### Your objective
Leave the pictures out and quote every line from the start of the listing to the line with "remember11-9-2001.gif", inclusive.
(Given records Opens)
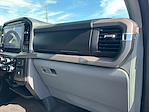 2024 Ford F-150 SuperCrew Cab 4x4 Pickup for sale #PD18991 - photo 34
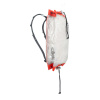 BEAL vak na lano Swing Kit 17l |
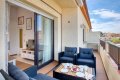 Alquilar un apartamento en la Costa Brava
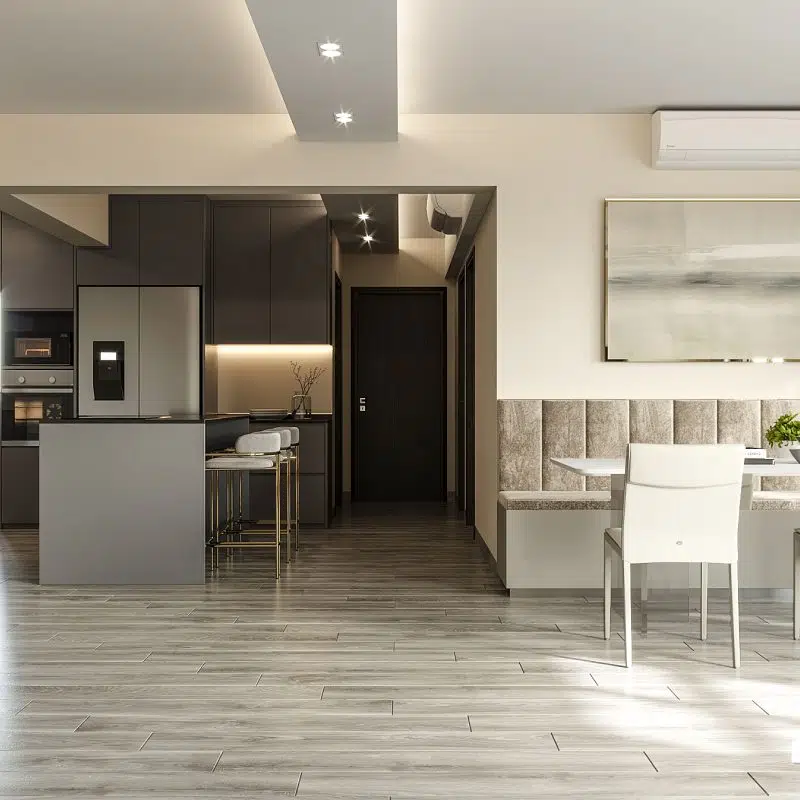 BLK-646-Tampines-St-62-2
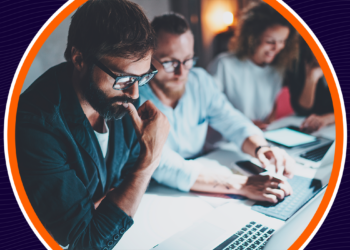 Tendencias de marketing digital y tecnología que definirán 2021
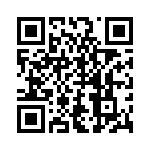 BB16AV-HC QRCode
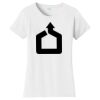 Women's Fan Favorite Tee Thumbnail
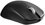 Mouse wireless/wired LAMZU Maya X  black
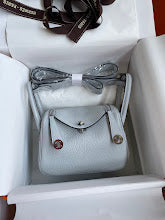 new-luxury-designer-bags-nm11392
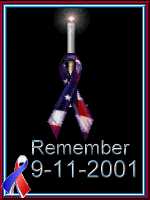 remember11-9-2001.gif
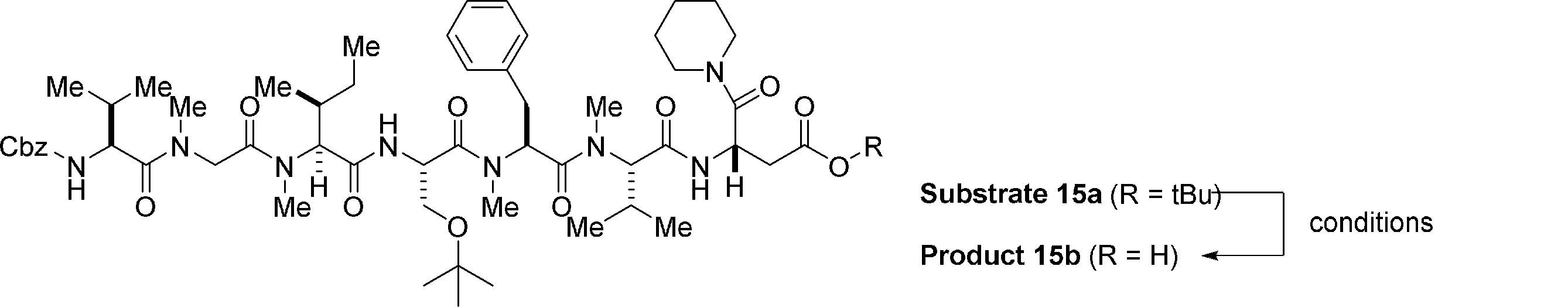 Figure JPOXMLDOC01-appb-I000238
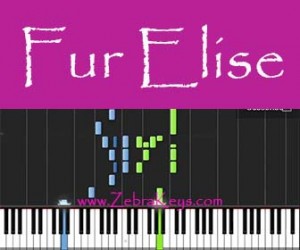 fur-elise-song-21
(Given records Closes)
### Final answer
 2024 Ford F-150 SuperCrew Cab 4x4 Pickup for sale #PD18991 - photo 34
 BEAL vak na lano Swing Kit 17l |
 Alquilar un apartamento en la Costa Brava
 BLK-646-Tampines-St-62-2
 Tendencias de marketing digital y tecnología que definirán 2021
 BB16AV-HC QRCode
 Women's Fan Favorite Tee Thumbnail
 Mouse wireless/wired LAMZU Maya X  black
 new-luxury-designer-bags-nm11392
 remember11-9-2001.gif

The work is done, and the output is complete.